Illustration: Aïda Amer/Axios

Much of the discussion around the future of work focuses on what is already disappearing: jobs in factories, on farms, and in restaurants.

But coming automation-fueled job losses and changes will reverberate far beyond — and eventually reach seemingly safe workers in Silicon Valley and on Wall Street.

  • And those in-demand workers may not be prepared for what's coming, as the bulk of government and company reskilling efforts are targeted toward the lower end.

What's happening: A number of companies are trying to prep their high-skilled workers for the future.
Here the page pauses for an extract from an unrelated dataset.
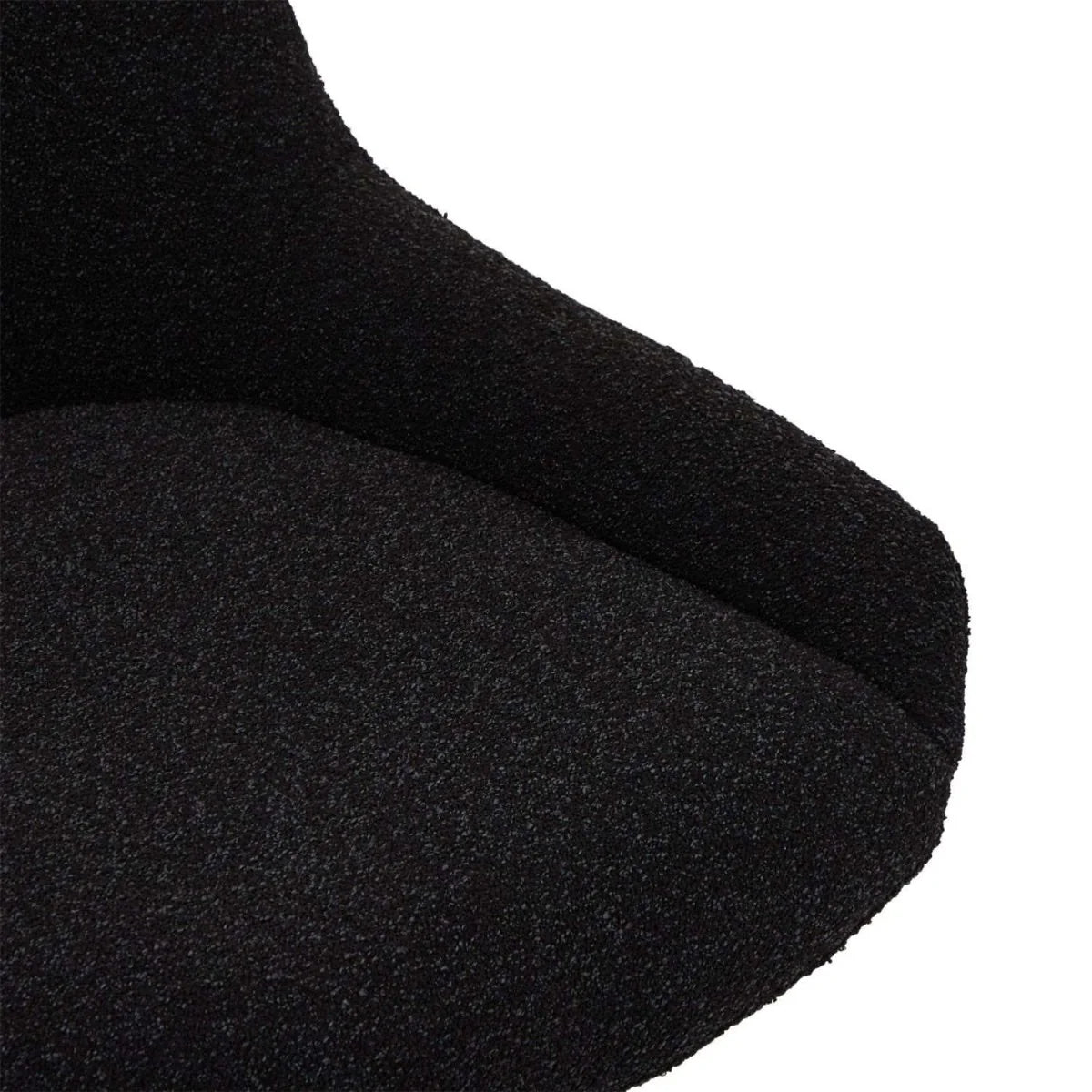 FURNHOUSE Helena Esszimmerstühle 2er Set - Drehbar, Bouclé-Stoff Schwarz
Google for instance has put a third of its engineering workforce through AI training, and Amazon's new $700 million upskilling effort will target its Seattle workers as well as warehouse employees.

  • "Some of the top firms are realizing that a lot of their folks who are making six figures are in the bullseye," says Erik Brynjolfsson, director of MIT's Initiative on the Digital Economy.

The big picture: But the impact may be larger than the response thus far.

  • Per a recent report from Brookings, around 40% of the tasks done by computer programmers and web developers are susceptible to automation. For information security analysts, the number is 65%. For computer network architects, it's 52%.
  • Jobs outside of tech, like radiologists, financial analysts and lawyers, are also at risk.
  • "Everyone is going to have to learn new skills — even the most sophisticated technologists themselves," says Susan Lund of the McKinsey Global Institute.